Vertraging

Sommige dagen beginnen ongemerkt. De nacht lost op, overgenomen door de ochtend die stilletjes naar voren is geschuifeld, op vilten slofjes. Maar dit is niet zo’n dag. Deze ochtend staat de horizon in brand, rood flakkerend boven zee terwijl de zon zich door het oppervlak probeert te duwen. Ik ren onder hoge dennen langs het strand bij Orosei, Sardinië. Lin en Jamie liggen nog in bed, ik heb de verwarming aangezet toen ik vertrok. Als de zon schijnt en het is voldoende opgewarmd komen zij er uit om te ontbijten, als vlinders uit hun cocon. 

Ik spring in zee en daarna onder de warme douche aan de achterkant van de bus. Een witte reiger staart me aan vanaf de vloedlijn, verder is het strand verlaten. We zijn op onszelf aangewezen hier, boerderijdieren lijken het eiland over te hebben genomen: overal lopen ezels, geiten en koeien, soms begeleid door een bedeesd hondje. Maar mensen, nee. We slapen op prachtige maar verlaten plekken en horen ‘s nachts zwijnen de aarde omwoelen op zoek naar eten. We vullen regelmatig water bij fonteintjes langs de weg, doen eens in de paar dagen boodschappen en hebben verder weinig nodig. 

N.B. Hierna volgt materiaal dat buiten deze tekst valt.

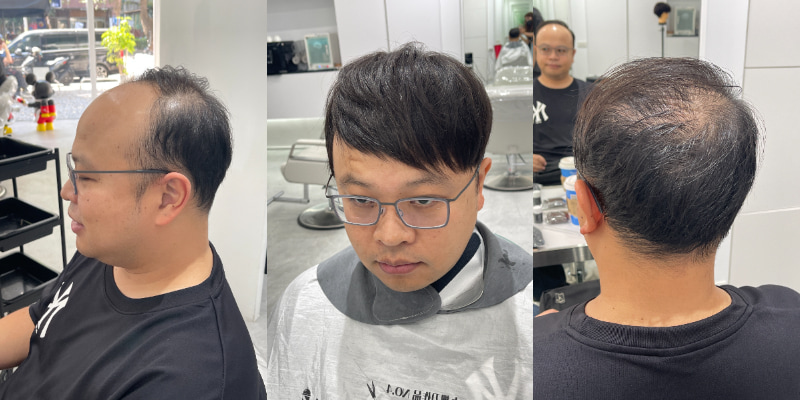 男生接髮｜帶你告別髮量稀疏，重獲濃密髮型 ！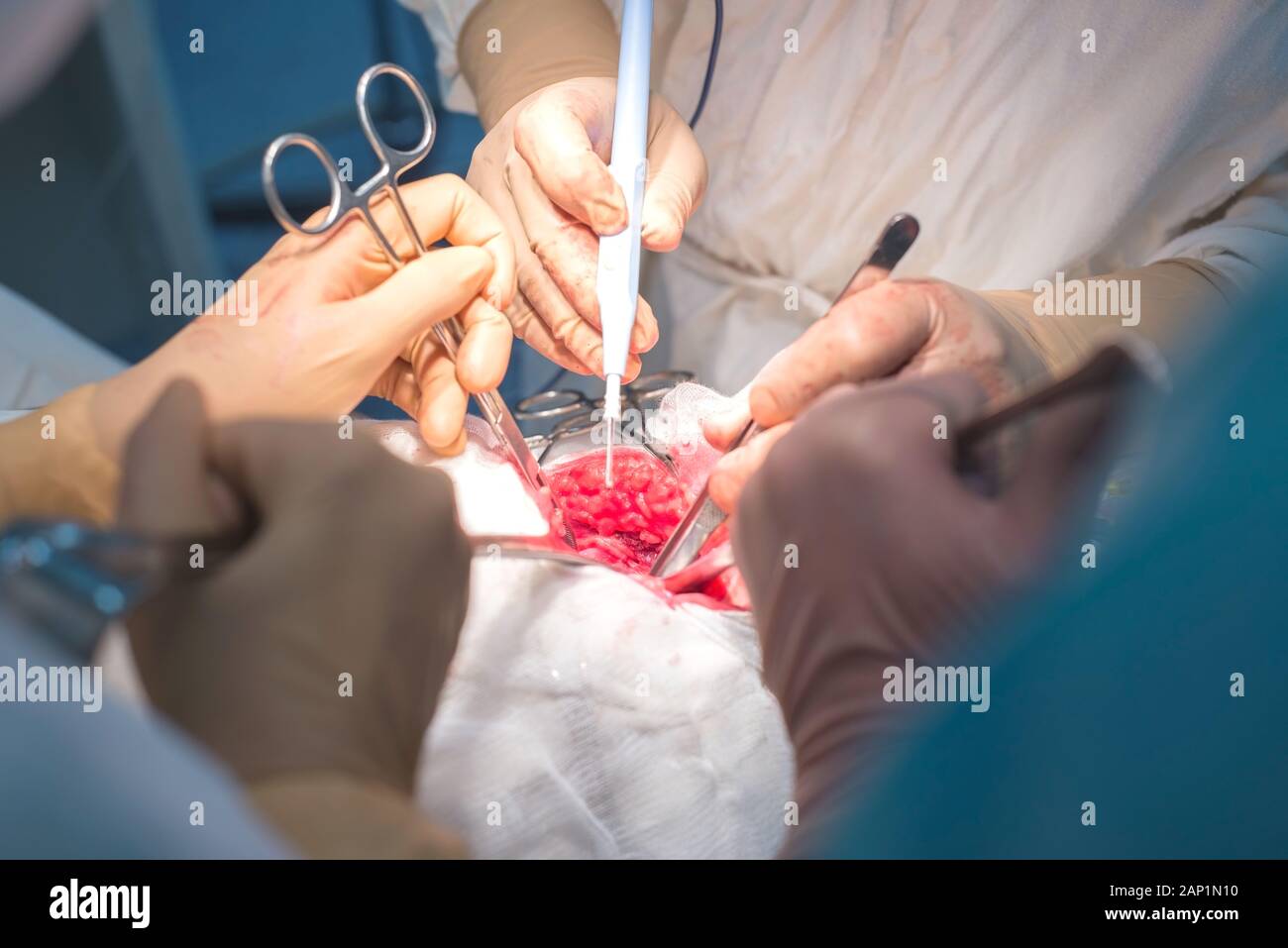 Ein Chirurg mit Assistenten, die in einem sterilen Operationssaal, ist auf die inneren Organe betrieben. Blau kalten OP-Leuchten. Die Hände des Chirurgen halten Sie die INSTRUME Stockfoto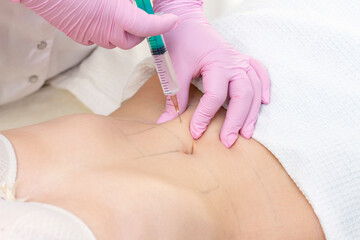 lipolytic injections are placed in the stomach. female hands in pink gloves inject a young woman...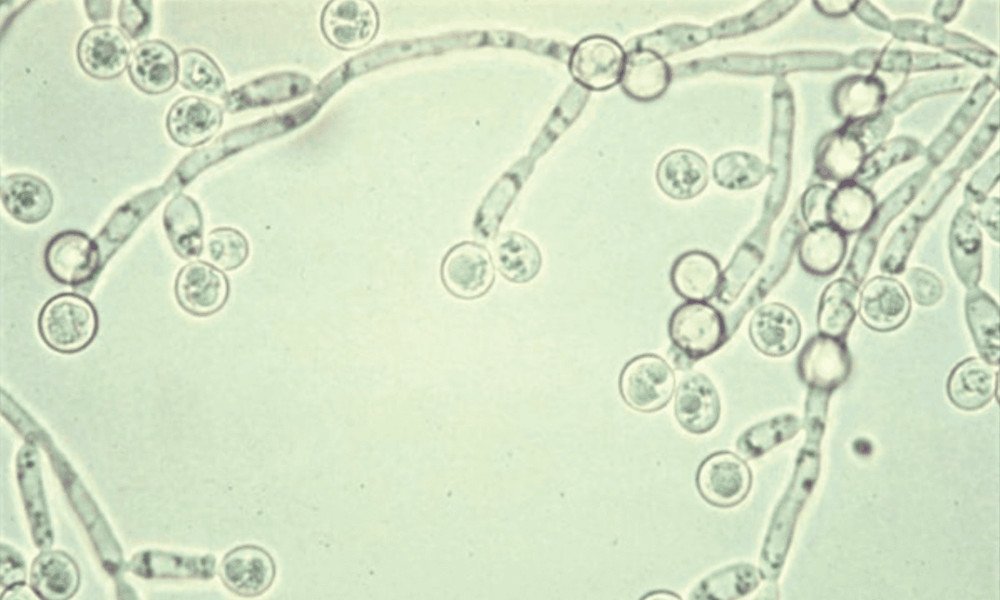Hình ảnh vi khuẩn Candida dưới kính hiển vi, minh họa khả năng hỗ trợ kiểm soát nấm men của viên uống giấm táo.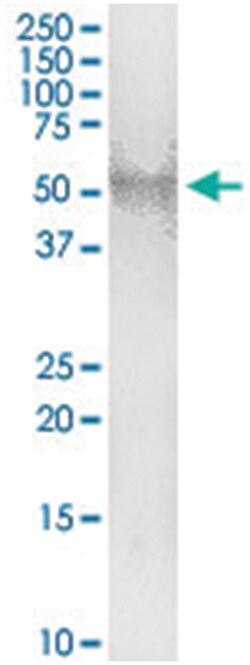 anti-NR2F2, Human, IP-WB Antibody Pair, Abnova 1 Set:Antibodies, Monoclonal/Polyclonal
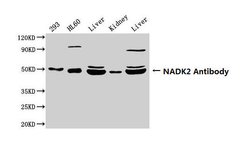 C5orf33 Polyclonal Antibody:Antibodies, Polyclonal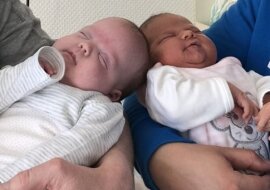 Te bliźniaki urodziły się z różnicą trzech miesięcy i stały się prawdziwym przełomem w świecie naukowym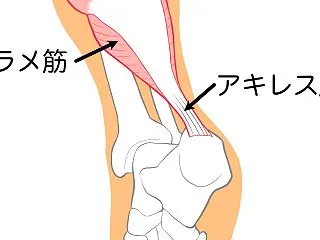 アキレス腱の違和感(/_;)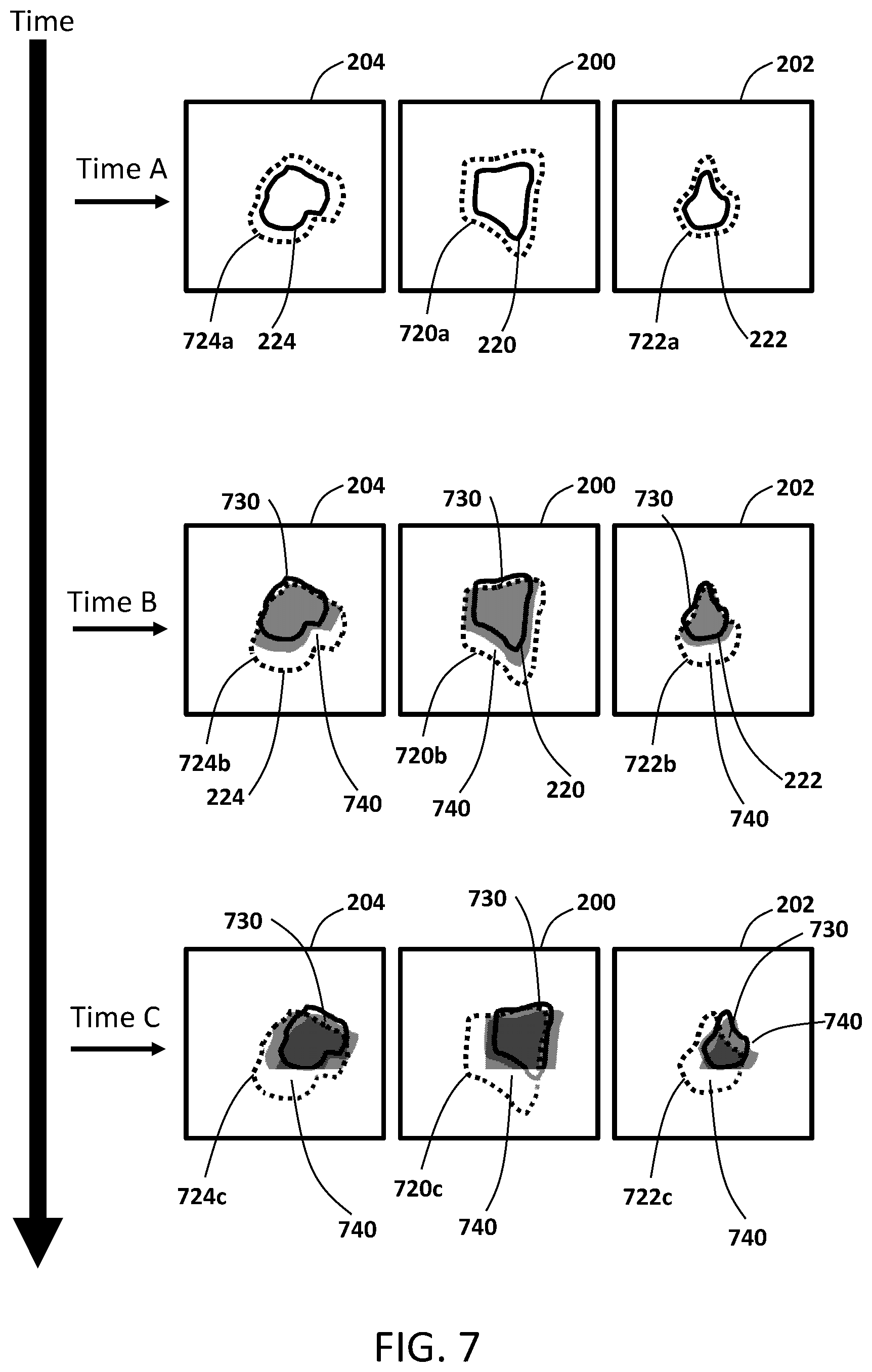 Patent US12350523 Figure 7 – MRI guided radiotherapy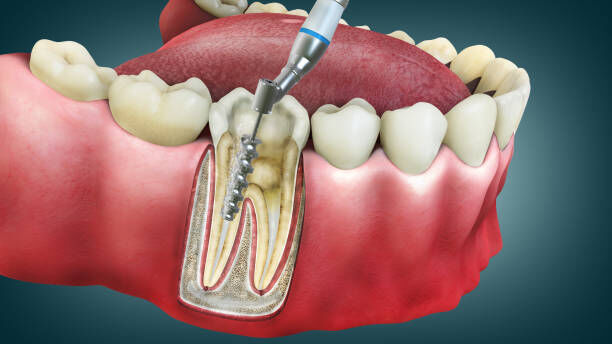 Thane, Dental, Root Canal Cost In Thane | Agrawal Dental Clinic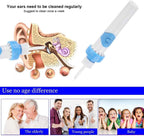 Earwax Removal Vacuum Cleaner,Electric, Comfortable Wax Suction Device Earwax Remover Vacuum Ear Cleaning Tool of All Ages_8_image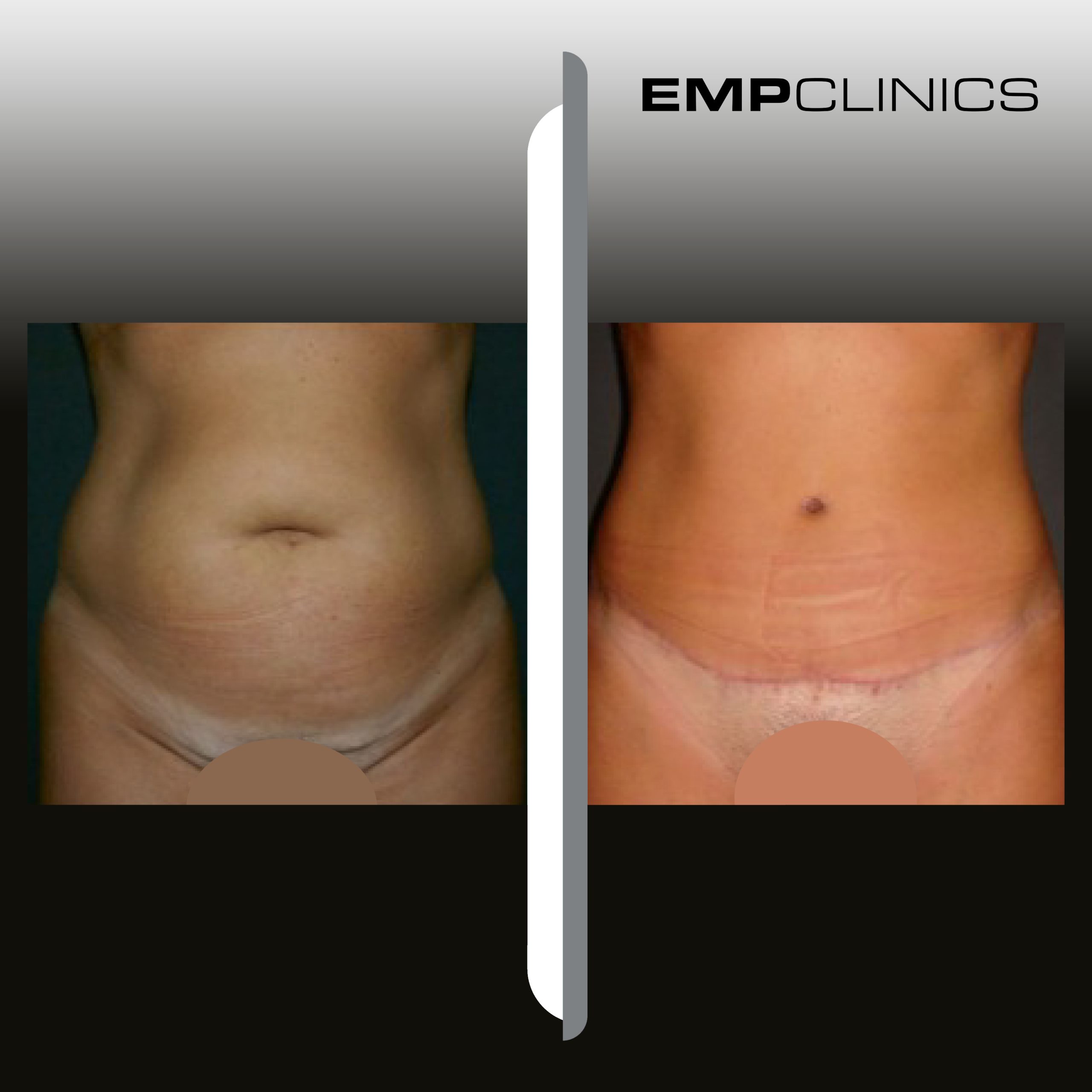 empclinics before after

Later die ochtend rijden we vanaf de kust het binnenland in. We stijgen tientallen kilometers lang over een slingerende weg in een veranderend landschap. Grassige akkers in de dalen, groenblijvende bomen en struiken tegen de steile rotswanden. Af en toe een glimp van de zee en besneeuwde pieken van de hoogste bergen. We parkeren vlakbij de ‘Passo Ghenna ‘e Silana’, pakken rugzakken en wandelschoenen en lopen het dal in. Bossen van oude kurkeiken staan vol met cactus, winterbloemen steken onder rotsen vandaan en bijen zoemen tussen de eerste bloesem. Een hagedis warmt zich aan een steen. Jamie loopt met zijn handen vol eikels en oneetbare besjes: de peuter-verzamelaar in zijn natuurlijke habitat. Voorheen konden we zijn vraatzucht nog tegemoet komen met het zoeken naar bosaardbeien en walnoten, maar dit seizoen is een vruchteloze bedoeling voor hem. We nemen pauze, gaan zitten en eten een broodje met chocoladepasta. We zijn even stil en luisteren…oorverdovende stilte. Het is hier schitterend en tegelijkertijd zo desolaat, alsof we hier eigenlijk niet mogen zijn. Gestolen momentjes in de warme winterzon. 

En zo rijgen de dagen zich aaneen, zonder plan of duidelijk doel. Thuis is het een dagelijkse sport om met maniakale efficiëntie ieder moment zinvol te besteden, agenda en horloge als wapens tegen verspilling van kostbare minuten: zandlopers die continu worden omgedraaid. Hoe lang is de remweg die je nodig hebt om van die snelheid naar sukkeldraf te raken? Misschien de afgelopen maanden. Maar meer nog is het dit eiland, deze wintergroene oase in zee. Alles lijkt hier te vertragen, er is geen haast in zoveel natuur. De tijd wordt hier vloeibaar, het sijpelt door onze gespreide vingers. 

‘S avonds brengen we binnen door. Na het eten brengt Lin ‘Meneer Washand’ tot leven, een sadistische natte lap met smetvrees die het iedere avond op Jamie heeft voorzien. Zijn geschater gaat over in gieren en zijn wangen worden rood van het lachen. Ik kijk naar hun plezier, domweg gelukkig met mijn handen in een afwasteil. Mocht de tijd volledig tot stilstand komen, dan mag het nu zijn. We nemen met z’n drieën de dag door, en leggen hem daarna in bed. 

Ik loop nog een rondje, het is helder en windstil. We hebben al veel wolkenloze nachten gehad, maar zoals vanavond hebben we het niet eerder gezien. Lin komt naar buiten en samen kijken we naar boven: een deken van sterren, fonkelend zwart. De maan komt op van achter de bergen, groot en roestbruin. Om ons heen horen we belletjes van geiten. Het ingetogen getinkel van de Sardijnse winter.